Die Zukunft Gagausiens ist ungewiss. Die Region steht vor der Herausforderung, ihre wirtschaftliche Lage zu verbessern und gleichzeitig ihre kulturelle Identität zu bewahren. Der Einfluss Russlands und der Türkei wird weiterhin eine wichtige Rolle spielen. Die moldauische Regierung muss versuchen, den Dialog mit der Region zu intensivieren und die Sorgen der Bevölkerung ernst zu nehmen. Nur so kann verhindert werden, dass Gagausien zu einem dauerhaften Konfliktherd wird.
Julian Gröger analysierte im Oktober 2024 für die Heinrich-Böll-Stiftung die Situation in Moldau und beschrieb die Herausforderungen der moldauischen Demokratie im Umgang mit russischer Desinformation und Einflussnahme.
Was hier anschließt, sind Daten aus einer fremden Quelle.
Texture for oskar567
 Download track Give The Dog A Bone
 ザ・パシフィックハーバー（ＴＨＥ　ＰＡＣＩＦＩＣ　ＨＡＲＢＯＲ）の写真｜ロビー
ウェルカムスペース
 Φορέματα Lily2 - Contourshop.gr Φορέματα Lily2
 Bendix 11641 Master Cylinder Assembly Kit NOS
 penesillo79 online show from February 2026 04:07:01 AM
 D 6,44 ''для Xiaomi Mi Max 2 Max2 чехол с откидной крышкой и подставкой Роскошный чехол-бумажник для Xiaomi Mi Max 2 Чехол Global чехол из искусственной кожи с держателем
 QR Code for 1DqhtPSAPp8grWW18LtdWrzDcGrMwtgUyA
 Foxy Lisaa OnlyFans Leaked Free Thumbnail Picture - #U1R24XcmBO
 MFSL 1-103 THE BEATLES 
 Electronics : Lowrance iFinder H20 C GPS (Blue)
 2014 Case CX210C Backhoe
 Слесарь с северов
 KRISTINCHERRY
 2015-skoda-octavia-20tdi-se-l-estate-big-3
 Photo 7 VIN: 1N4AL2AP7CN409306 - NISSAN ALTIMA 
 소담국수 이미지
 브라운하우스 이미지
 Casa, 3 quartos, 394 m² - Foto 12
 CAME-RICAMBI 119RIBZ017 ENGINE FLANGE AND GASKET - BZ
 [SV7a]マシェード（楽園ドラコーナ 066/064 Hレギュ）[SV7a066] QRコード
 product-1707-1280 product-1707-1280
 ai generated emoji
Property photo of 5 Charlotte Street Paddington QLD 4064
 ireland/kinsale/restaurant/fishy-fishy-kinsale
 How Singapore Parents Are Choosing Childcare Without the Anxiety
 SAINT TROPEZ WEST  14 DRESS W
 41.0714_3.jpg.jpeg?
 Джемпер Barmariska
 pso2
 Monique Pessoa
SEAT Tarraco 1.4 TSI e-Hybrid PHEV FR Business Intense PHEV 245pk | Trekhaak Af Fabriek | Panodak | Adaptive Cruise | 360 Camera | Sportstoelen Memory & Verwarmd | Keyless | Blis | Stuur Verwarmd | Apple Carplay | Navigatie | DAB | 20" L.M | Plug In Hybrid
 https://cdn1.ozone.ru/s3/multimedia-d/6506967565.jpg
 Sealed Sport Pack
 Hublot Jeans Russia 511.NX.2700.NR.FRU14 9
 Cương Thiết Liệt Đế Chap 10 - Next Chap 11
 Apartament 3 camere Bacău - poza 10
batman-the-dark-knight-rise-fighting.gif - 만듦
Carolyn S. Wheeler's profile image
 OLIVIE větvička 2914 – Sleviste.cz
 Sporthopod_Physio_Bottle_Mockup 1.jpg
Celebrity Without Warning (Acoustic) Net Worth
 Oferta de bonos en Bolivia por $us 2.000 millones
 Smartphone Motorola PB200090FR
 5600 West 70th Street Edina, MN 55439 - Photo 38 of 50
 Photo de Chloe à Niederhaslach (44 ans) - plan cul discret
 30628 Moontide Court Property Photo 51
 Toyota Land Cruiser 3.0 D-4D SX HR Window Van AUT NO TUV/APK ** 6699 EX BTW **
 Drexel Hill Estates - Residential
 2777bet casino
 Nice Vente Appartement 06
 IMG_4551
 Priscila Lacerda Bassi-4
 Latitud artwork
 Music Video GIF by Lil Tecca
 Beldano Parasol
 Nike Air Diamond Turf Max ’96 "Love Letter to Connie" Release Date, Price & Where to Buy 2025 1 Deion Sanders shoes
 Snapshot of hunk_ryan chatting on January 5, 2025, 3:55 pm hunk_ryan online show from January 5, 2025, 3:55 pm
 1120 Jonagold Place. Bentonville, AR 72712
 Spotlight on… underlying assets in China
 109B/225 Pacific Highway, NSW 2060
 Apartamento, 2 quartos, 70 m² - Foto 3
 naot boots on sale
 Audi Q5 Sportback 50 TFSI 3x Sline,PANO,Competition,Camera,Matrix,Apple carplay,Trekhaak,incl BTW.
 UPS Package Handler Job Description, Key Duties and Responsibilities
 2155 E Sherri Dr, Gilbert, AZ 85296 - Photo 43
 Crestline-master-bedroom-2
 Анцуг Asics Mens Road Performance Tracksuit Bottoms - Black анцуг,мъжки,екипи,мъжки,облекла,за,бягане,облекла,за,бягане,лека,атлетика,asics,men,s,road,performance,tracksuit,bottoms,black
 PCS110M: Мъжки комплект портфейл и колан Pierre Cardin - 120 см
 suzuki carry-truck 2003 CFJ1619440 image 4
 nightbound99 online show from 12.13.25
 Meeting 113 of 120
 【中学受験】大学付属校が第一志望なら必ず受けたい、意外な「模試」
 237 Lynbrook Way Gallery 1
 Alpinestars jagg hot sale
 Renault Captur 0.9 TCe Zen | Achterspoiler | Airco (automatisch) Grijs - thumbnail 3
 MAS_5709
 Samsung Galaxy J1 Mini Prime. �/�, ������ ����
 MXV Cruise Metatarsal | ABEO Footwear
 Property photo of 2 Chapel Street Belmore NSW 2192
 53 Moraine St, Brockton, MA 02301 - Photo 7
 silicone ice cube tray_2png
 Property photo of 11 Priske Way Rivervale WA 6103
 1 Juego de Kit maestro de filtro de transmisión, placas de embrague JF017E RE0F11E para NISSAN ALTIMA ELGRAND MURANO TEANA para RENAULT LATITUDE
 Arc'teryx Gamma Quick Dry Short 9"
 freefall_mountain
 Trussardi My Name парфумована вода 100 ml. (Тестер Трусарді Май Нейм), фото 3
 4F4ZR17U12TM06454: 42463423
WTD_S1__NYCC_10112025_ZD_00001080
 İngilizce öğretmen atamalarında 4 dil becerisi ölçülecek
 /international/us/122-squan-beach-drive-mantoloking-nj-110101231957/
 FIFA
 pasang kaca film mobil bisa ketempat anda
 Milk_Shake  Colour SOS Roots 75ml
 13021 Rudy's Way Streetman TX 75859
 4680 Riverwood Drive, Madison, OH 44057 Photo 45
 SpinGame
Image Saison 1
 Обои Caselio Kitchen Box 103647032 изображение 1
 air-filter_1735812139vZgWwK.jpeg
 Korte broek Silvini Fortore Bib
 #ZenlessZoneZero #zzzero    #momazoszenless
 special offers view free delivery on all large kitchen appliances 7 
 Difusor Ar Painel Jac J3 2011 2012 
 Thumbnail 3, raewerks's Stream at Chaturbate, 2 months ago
Er betonte die Bedeutung der Unterstützung der EU für Moldau und die Notwendigkeit, aus den Erfahrungen des Referendums zu lernen.
Auch die Frankfurter Rundschau (FR) berichtete am 19. Oktober 2024 über die Wahlen in Moldau und die Einflussnahme Russlands. Die FR zitierte die KAS-Expertin Brigitta Triebel, die auf die Risiken des Stimmenkaufs und der Desinformation hinwies.